Nesse sentido, ponderou-se que, na prática, a reforma traz melhorias e valorização do imóvel, e, por certo, a ausência de ressarcimento do prestador de serviço enseja o enriquecimento ilícito do contratante devedor.
Adicionalmente, o objetivo da norma foi proibir que o devedor se proteja na lei da impenhorabilidade do bem de família para evitar a cobrança de dívida contraída para aquisição, construção ou reforma do próprio imóvel.
Em outras palavras, destacou-se que a “preocupação do legislador é impedir a deturpação do benefício legal, vindo a ser utilizado como artifício para viabilizar a aquisição, melhoramento, uso, gozo e/ou disposição do bem de família sem nenhuma contrapartida.”

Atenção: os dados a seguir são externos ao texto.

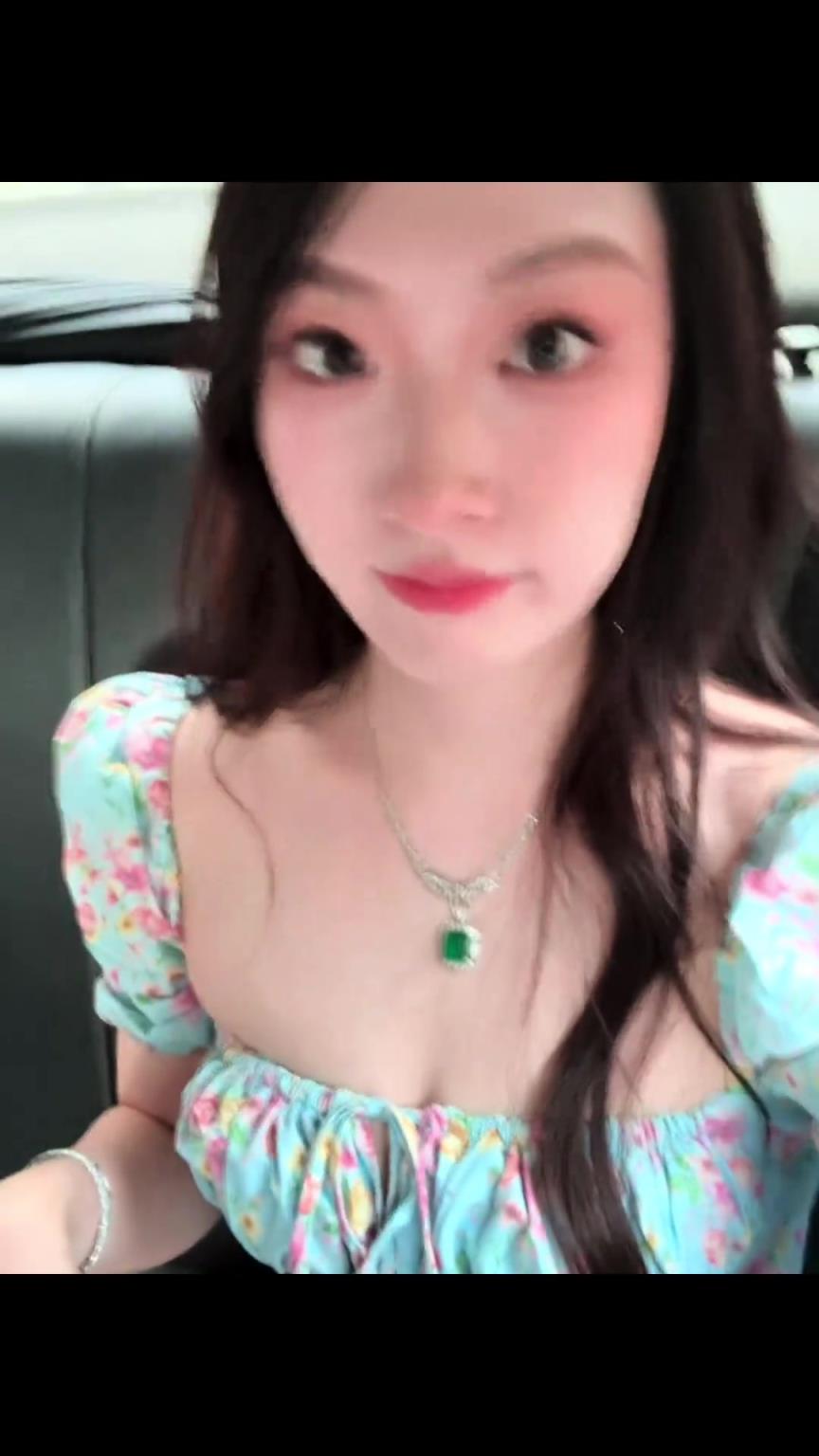 谢文能爱妻:度过了幸福的生日月,最好的朋友和最爱的人都在身边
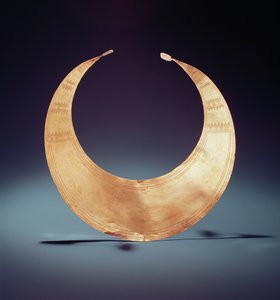 Lunula, Ross, Westmeathin kreivikunta, varhainen pronssikausi, noin 2000 eKr. (kulta)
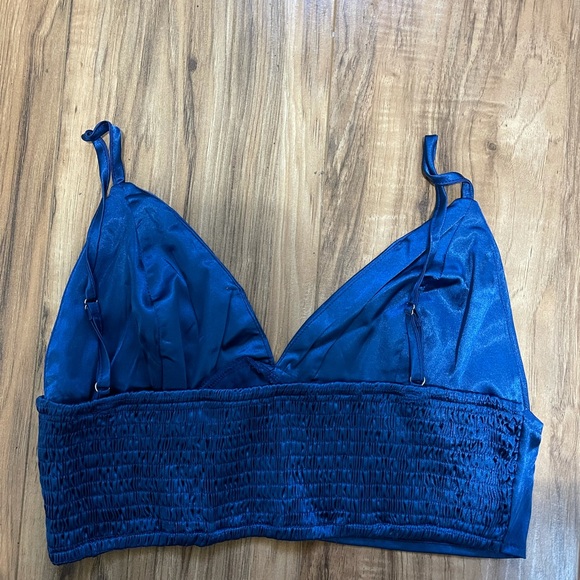 Shein royal blue crop top - Picture 2 of 3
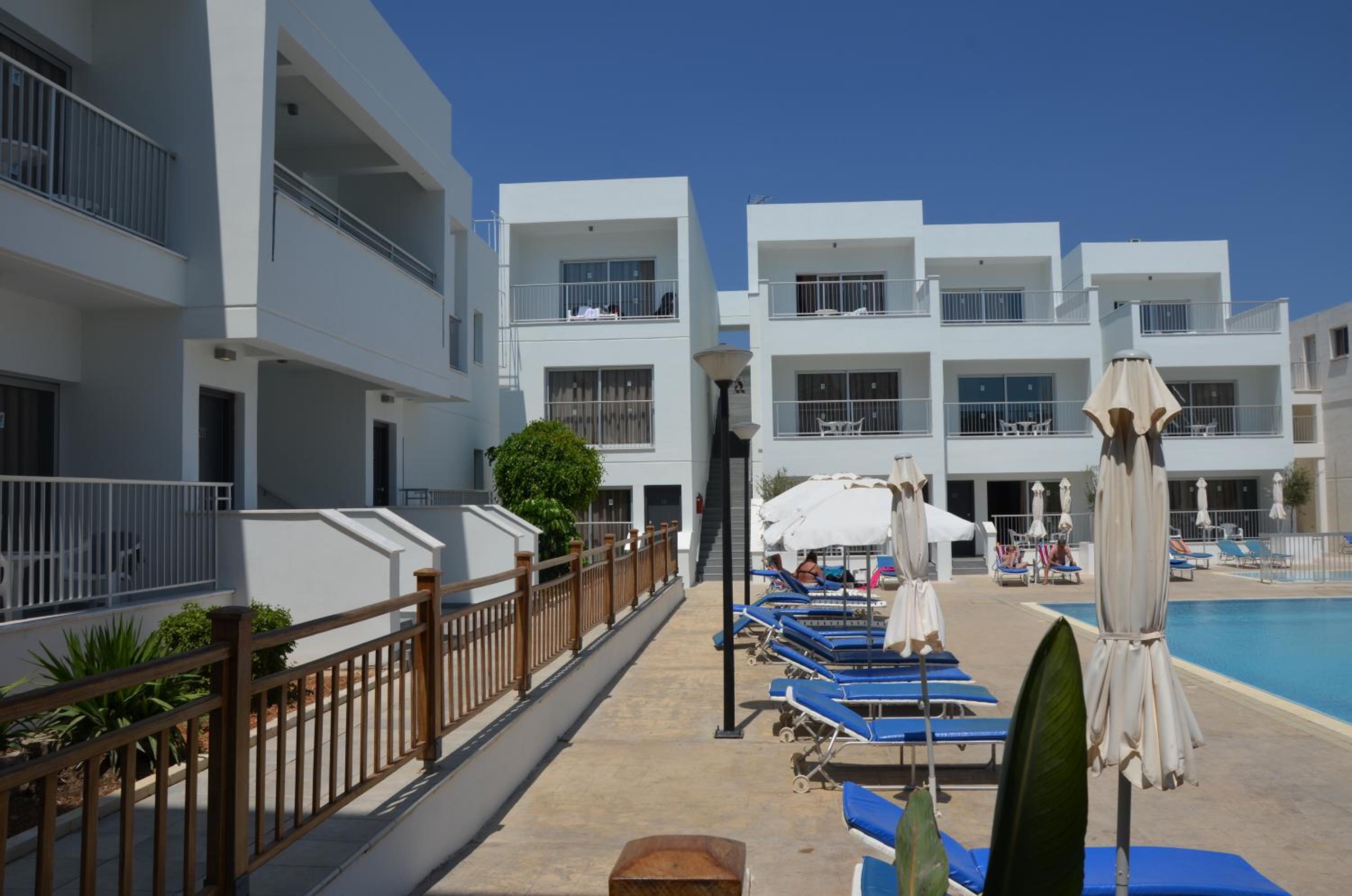 Sweet Memories Hotel Apartments 41/50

Vimos, portanto, que na prática estivemos diante de situação na qual se apôs frente a frente o instituto do bem de família, que procura garantir um mínimo de dignidade e segurança à entidade familiar, e a configuração do exercício irregular do direito, que acabou por permitir a penhora do imóvel.
Por fim, a controvérsia foi superada com a aplicação da exceção legal“crédito decorrente do financiamento destinado à construção ou à aquisição do imóvel“ para a hipótese de crédito decorrente da prestação de serviços de reforma e decoração residencial, diga-se, negócio jurídico que envolve o próprio imóvel. Permitida, então, a penhora do imóvel pelo profissional responsável por sua reforma, ainda que seja bem de família.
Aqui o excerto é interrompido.